Now, throughout this post I've referred to CreateSpace as a publisher, while authors and Amazon themselves may prefer to see CreateSpace as an authors services company that simply enables authors to access the Amazon platform and obtain printed books. I base this on the well established principle of how to categorize birds that look like ducks and quack like ducks. CreateSpace provides ISBN numbers to authors who don't have their own, an interesting application of language since anybody who has their own ISBN numbers is a publisher by definition. The research I did this morning was based on Amazon's "advanced search" tool, with "CreateSpace" as the publisher - Quack. While Amazon allows the author to set the book price, they pay the author "royalties", and perhaps even more tellingly, they refer to the author as "the author" - Quack. It's only when they talk about "wholesale orders" direct to the author, that they double up on terminology using both the trade publishing term and "owner orders", a new term they are apparently trying to introduce.

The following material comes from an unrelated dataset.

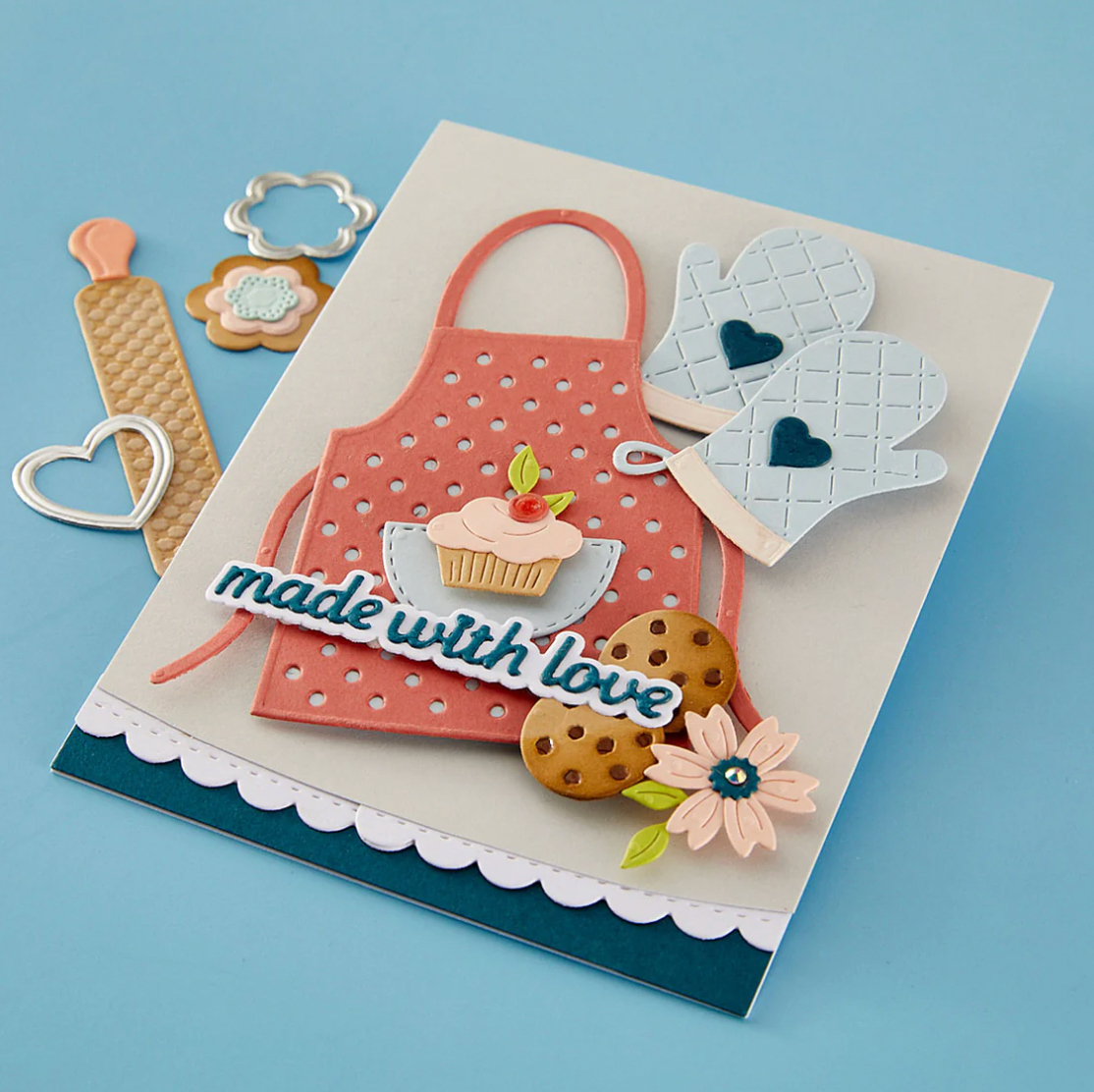 Spellbinders Make It & Bake It I Want It All Bundle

So why is the distinction between acting as a publisher and as an undefinable entity better serving both Amazon customers and authors important? Maybe the small matters of libel and liability have something to do with it. There have already been libel cases successfully prosecuted against author services companies, and those companies are very small beans as a litigation target compared to the mighty Amazon. As a vertically integrated publishing company who not only offers a paid service to authors to get into print, but also prints the books, sells the books and to some extent markets the books, it's hard to see how Amazon can avoid stepping on a lot of toes. If they publish every book that comes in the door without editorial control of the content, they are going to offend a lot of people to the detriment of their customer base. Most people will excuse a bookstore for selling inflammatory texts in the interest of freedom of speech, but it becomes a different matter if that bookstore is printing and promoting those books as well.

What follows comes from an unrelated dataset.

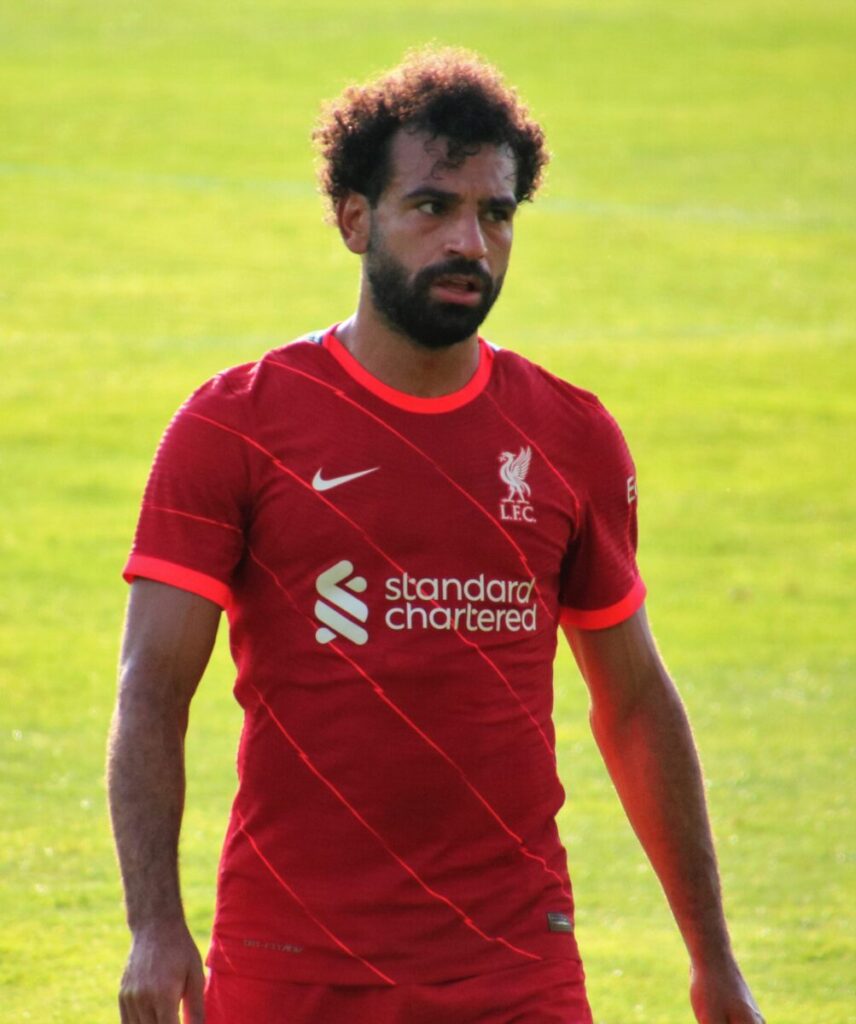  اللاعب المصري محمد صلاح  يغيب عن تدريبات المنتخب المصري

But if Amazon starts excercising editorial control of their publishing efforts, while carrying out their threats to dissable the "Buy" buttons of other on-demand publishers, they'll be limiting the access to their platform for many authors. Since access to the Amazon platform is the only viable outlet for many of these authors, the net result will be a new form of censorship. In countries with an independent judiciary system, power and responsibility often go hand-in-hand, as much as corporations would like to take the first and leave it at that. My own feeling is that Amazon may live to rue the day that the ducks come home to roost.